Alors que la fonction achats devient de plus en plus stratégique en entreprise, il est essentiel de mesurer la maturité, l’efficacité et la performance des achats. C’est l’objectif du diagnostic achats : outil structuré qui permet d’évaluer et d’améliorer la fonction achats. Cela permet de faire le point sur sa situation actuelle, de se comparer et de s’inscrire dans une démarche d’amélioration continue. Tout type de sociétés peut réaliser un diagnostic achats, des start-ups aux grandes entreprises, avec différents objectifs. C’est à travers cet audit des achats que l’on peut envisager de passer d’une fonction support focalisée sur les opérations à une fonction stratégique, créatrice de valeur.
Qu’est-ce qu’un diagnostic achats ?
Le diagnostic achats consiste à analyser la fonction achats d’une entreprise, de façon structurée et approfondie. L’objectif est d’évaluer les forces et les faiblesses, les axes d’amélioration et les leviers de création de valeur.
Le diagnostic achats permet de disposer d’une vision claire de la maturité de la fonction achats et de construire une feuille de route. Cela aide les entreprises à baser leurs achats sur une évaluation impartiale et sur les meilleures pratiques du secteur. Selon Efficio, cabinet de conseil en achats et supply chain, cet exercice présenterait un potentiel d’économies allant de 5 à 15 % par catégorie d’achats.
« Le diagnostic reste essentiel, mais il doit évoluer pour répondre aux nouvelles réalités de la fonction Achats. Il ne s’agit plus simplement d’un benchmark comparatif, mais d’un audit interne approfondi permettant d’identifier les forces, les faiblesses et les solutions spécifiques à l’entreprise. Le diagnostic doit également permettre d’établir un consensus sur l’ambition collective de la fonction Achats et de définir une feuille de route partagée avec les autres fonctions pour sécuriser les acquisitions, maîtriser les coûts et contribuer à la création de valeur. » Jean Dominique Rey, Associé fondateur de 15-40 Partners[1].
Les grands axes d’un diagnostic achats
Bien qu’il n’existe pas de standard en matière de référentiel, il existe différents modèles sur lesquels s’appuyer. En général, le diagnostic achats porte sur plusieurs dimensions, allant de la stratégie jusqu’à l’analyse des dépenses. L’idée est de réaliser un diagnostic complet, qui couvre les dimensions qualitatives, quantitative et évolutive.

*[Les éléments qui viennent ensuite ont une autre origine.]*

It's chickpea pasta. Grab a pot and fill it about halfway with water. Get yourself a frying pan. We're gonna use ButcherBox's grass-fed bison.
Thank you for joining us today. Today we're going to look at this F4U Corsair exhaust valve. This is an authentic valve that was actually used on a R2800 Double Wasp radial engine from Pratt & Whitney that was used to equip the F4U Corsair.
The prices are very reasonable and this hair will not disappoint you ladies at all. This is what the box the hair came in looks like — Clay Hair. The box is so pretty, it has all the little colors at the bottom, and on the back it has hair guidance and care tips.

La stratégie et la gouvernance
Cet axe permet de s’assurer que la fonction achats soit bien alignée avec la stratégie de l’entreprise et dispose d’un pouvoir d’arbitrage. On va regarder le rôle qu’a le directeur des achats au sein du comité de direction, la politique et la stratégie d’achats…

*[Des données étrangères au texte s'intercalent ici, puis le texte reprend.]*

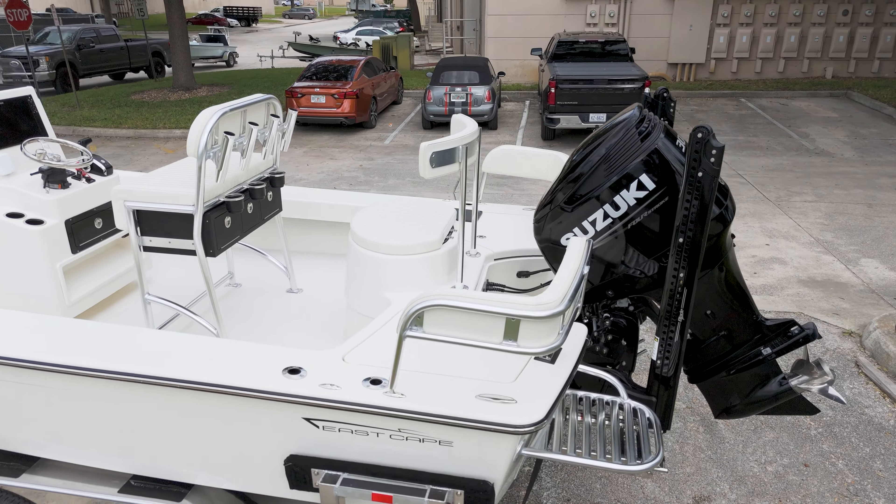There's ample rod storage along the gunnels and a removable backrest that's both comfortable and versatile. In the rear, we've equipped a Suzuki 300 engine alongside twin 8-foot Power-Pole anchors.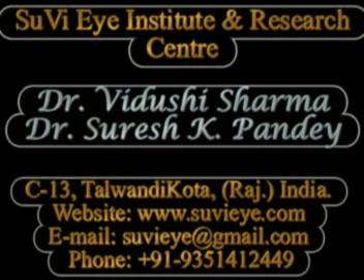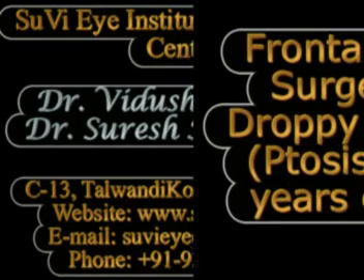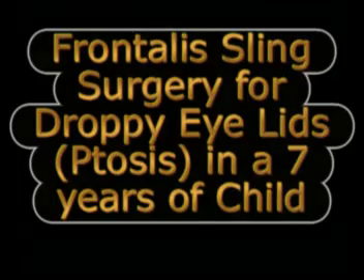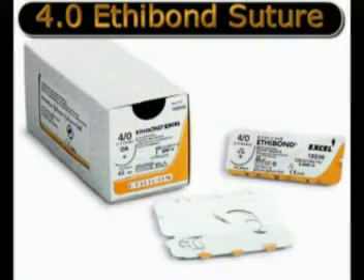Hi, I am Dr. Vidushi from Suvi Eye Hospital, Kota in India, and in this video we demonstrate the technique of performing a frontalis sling surgery for bilateral severe blepharoptosis using a non-absorbable suture material, specifically 4-0 ethibond in this case.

L’organisation et les compétences de l’équipe
Le diagnostic achats implique également d’aligner ses ambitions avec les moyens humains. Cela concerne la taille de l’équipe, les rôles et les missions de chacun, les plans de formation…
Les processus et les méthodes
L’idée ici est de fiabiliser et améliorer les processus achats : source-to-pay, gestion des relations fournisseurs, gestion des contrats…
Les outils et les systèmes d’information utilisés
Dans le cadre du diagnostic achats, il faut également s’intéresser aux outils et aux systèmes d’information utilisés par les équipes. Cela implique d’analyser la qualité des référentiels, la profondeur des historiques, les accès…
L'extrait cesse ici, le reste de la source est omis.